# Pipeline (Snakemake + Hydra)

author: Ivan Milovidov

Data

this pipelane uses the titanic dataset It contains information about the passengers on the Titanic

The goal is to train a model to predict whether a Titanic passenger survived . ## Prepare data The data is prepared in two versions, using different scaling(StandartScale and RobustScale)

Models

The models trained within the Pipeline are:

GradientBoosting:

_target_: sklearn.ensemble.GradientBoostingClassifier
random_state: 42
n_estimators: 500
learning_rate: 0.01
max_depth: 2

Random Forest:

_target_: sklearn.ensemble.RandomForestClassifier
n_estimators: 200
max_depth: 200
criterion: "entropy"
min_samples_split: 2
random_state: 42
Model parameters are taken from configs using Hydra

Pipeline

As part of the task, the pipelines were run using a conda virtual environment containing Scikit-learn, etc. packages to train the ML model inside the Snakemake pipelines. The launch command:

‘snakemake –cores 4’

DAG

To build dag launch command:

snakemake --dag | dot -Tsvg > pipeline.svg.

Stage of pipelines

  1. load_data - loading data from kaggle folder
  2. prepare_data - preprocessing dataset with two types of scaling(RobustScaler, StandartScaler)
  3. train_model - fitting models of GradientBoosting and RandomForest with two variants input data

Artifacts

Pipeline trained 2 models with 2 different variants of data preprocessing.

Code of pipelines

Code

Hydra

In pipeline use a Hydra - framework for configuring. In this project use hydra Compose-API(‘workflows/scripts/prepare_data’)
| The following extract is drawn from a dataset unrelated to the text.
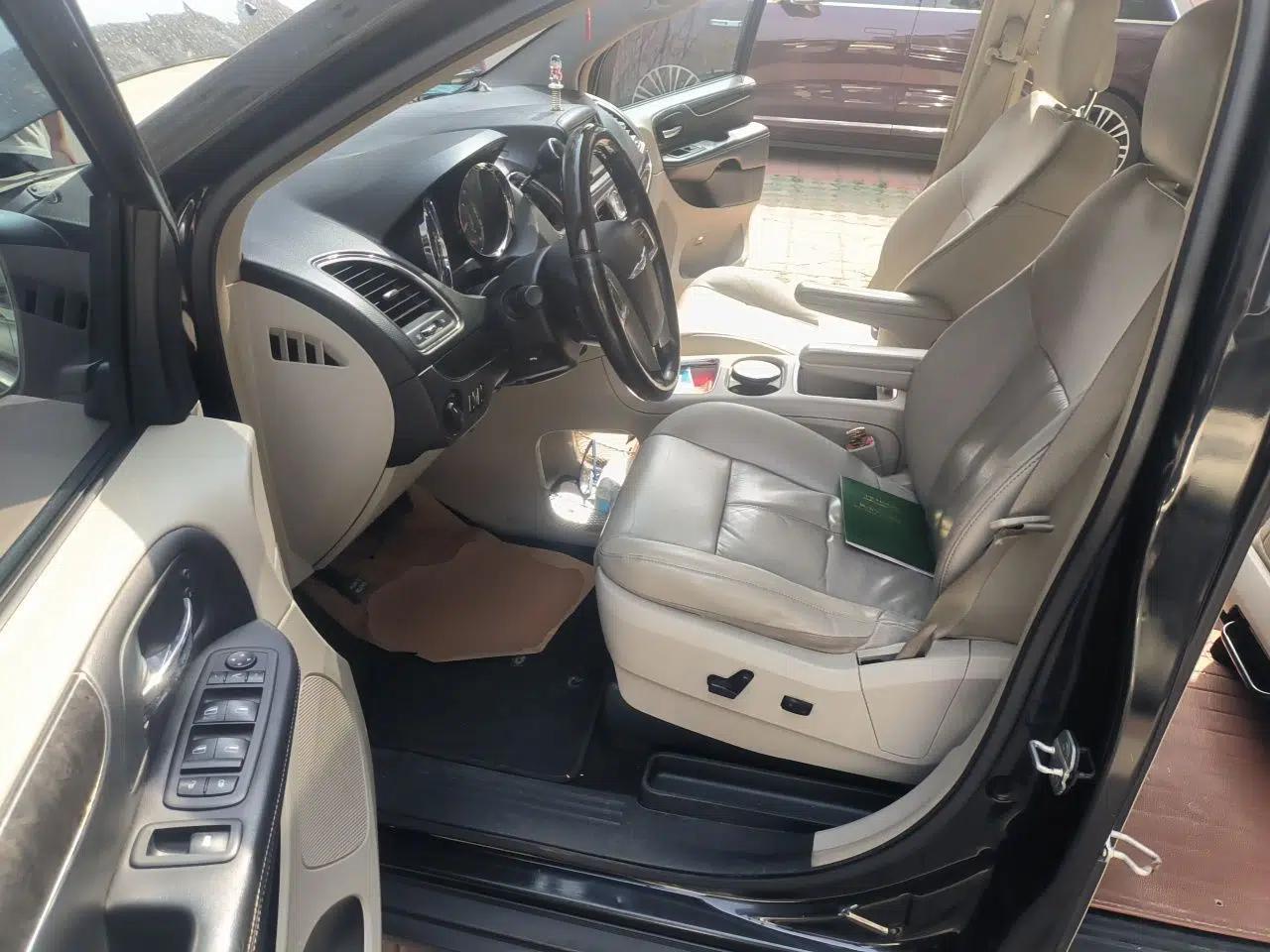 Chrysler Grand Voyager 2013 3.6L Luxury Edition — миниатюра 16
On this stage realized function to read params from config:

def return_config(config_path: str, config: str):
    with initialize(config_path=config_path):
        config = compose(config)
    return config

and setting params from config:

simple_imputer_config = return_config(
        "../../config/preprocessing", config="simpleimputer.yaml"
    )
SimpleImputer(**simple_imputer_config)

Also use an instantiate(‘workflows/scripts/train_model’) to initialise the model inside auxiliary python modules

For this realized function with writing overrides:

def compose_config(overrides: list[str] | None = None) -> DictConfig:
    """get a config for overriding params

    Args:
        overrides (list[str] | None, optional): params with override values

    Returns:
        DictConfig: config
    """

    with initialize(config_path="../../config"):
        hydra_config = compose(config_name="config", overrides=overrides)
    return hydra_config

and example to use it in implementing model in code:

if model_type == "GBT" or model_type == "RNDF":
        cfg = compose_config(overrides=[f"model='{model_type}'"])
        model = instantiate(cfg["model"])